# For Sale - Cipa Slip On Tow Mirrors



## joeymac (Aug 19, 2010)

For Sale....CIPA Slip on Tow Mirrors.
We used these about 5 times last year, but now have a new tow vehicle, and have no use for them. 
My lost is your gain. I will sell these for $35.00 for both plus shipping. Thats about 40% off of retail value. They are in excellent condition, and work great. See the details below. Note these will fit 2005 Ford F-150 XLT models. Pic

CIPA Mirrors

Extend your towing vision without blocking existing mirrors. 
• 
Fully adjustable Mirror slides over existing mirrors. 
• 
Aerodynamically shaped black ABS plastic housing eliminates wind noise and vibration. 
• 
15 1/2"L x 7"W x 3"D (dimensions vary by application).

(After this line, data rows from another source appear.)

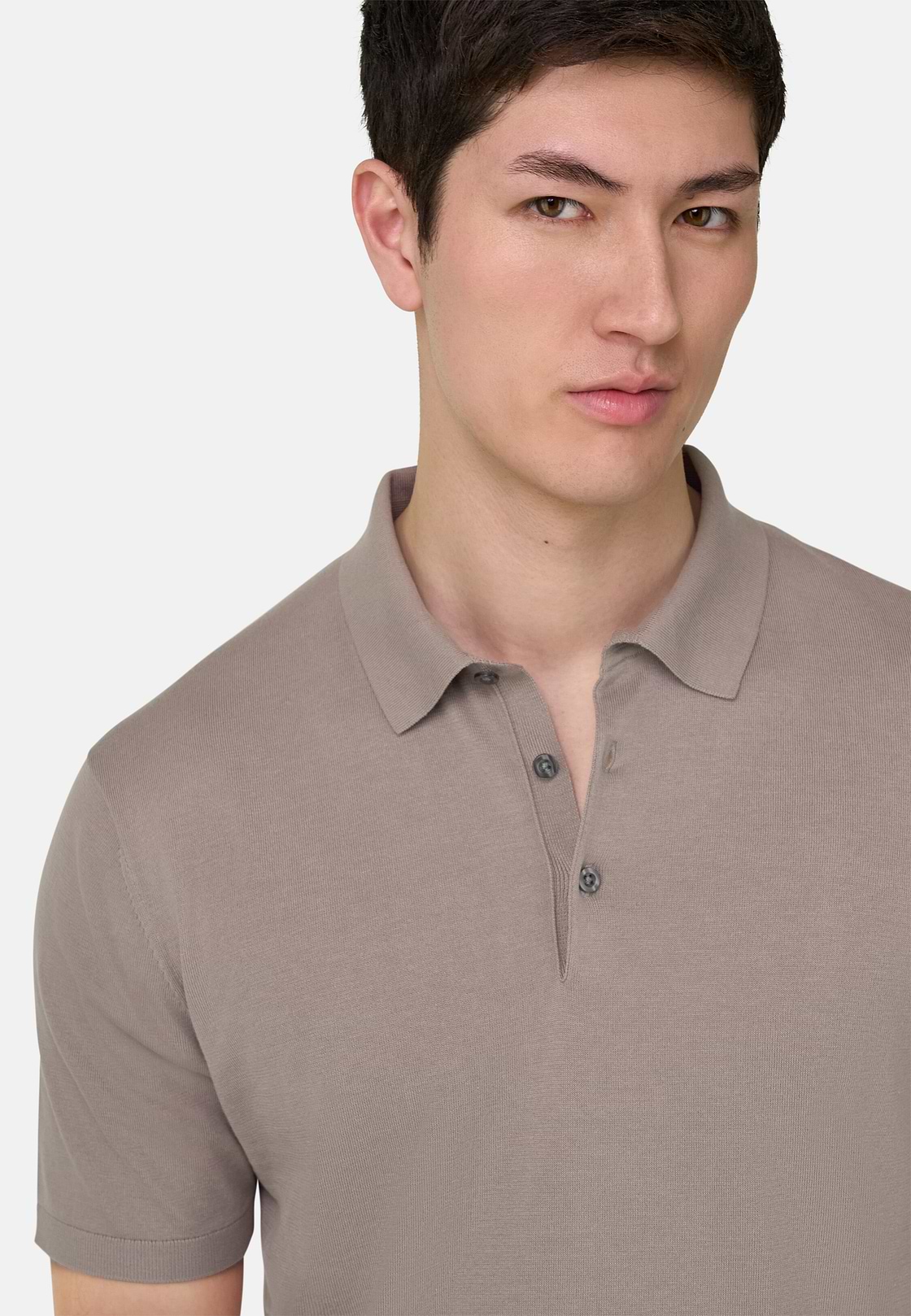 Polo In Cotone Crepe, Taupe, hi-res, 4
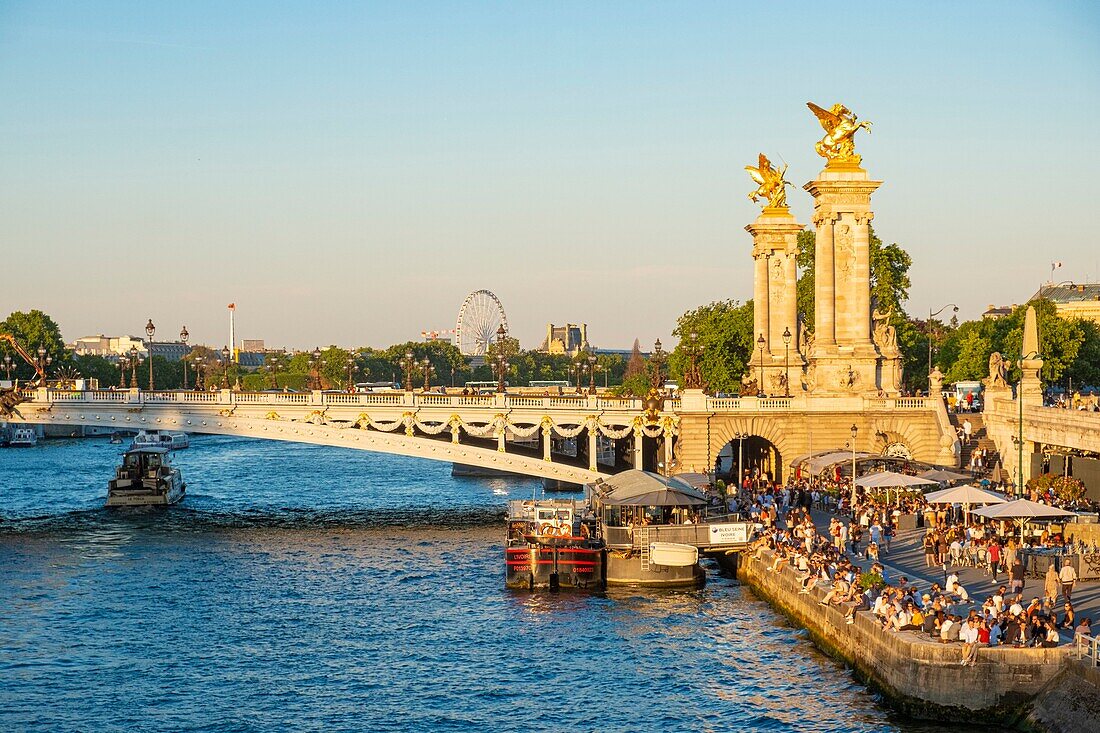 France, Paris, area listed as World Heritage by UNESCO, the New Banks and the Alexandre III Bridge\n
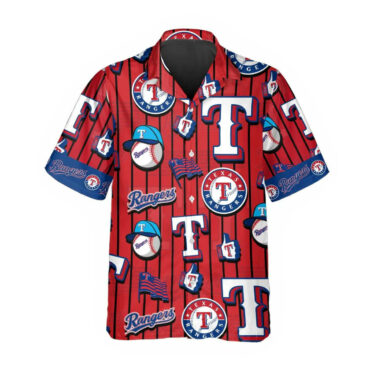 Texas Dominate the Diamond Rangers Red Blue Hawaiian - Adult & Kids T-Shirts, Sweatshirts & Hoodies apparel design preview 1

Made in the USA.

Vehicle Specifications CIPA Item Detail 
Make: Ford

Model: Ford F150/250 XLT Models

Year: 2005

Mirror: Driver and Passenger Sides

Notes: Will not fit STX-Style Mirrors Driver Side SKU: 27338
Member Price: $27.99 
Regular Price: $31.10

Passenger Side SKU: 27339
Member Price: $27.99


----------



## SLO250RS (Mar 11, 2010)

Do you still have these for sale?let me know. Thanks


----------



## joeymac (Aug 19, 2010)

SLO250RS said:


> Do you still have these for sale?let me know. Thanks


Sent you a PM


----------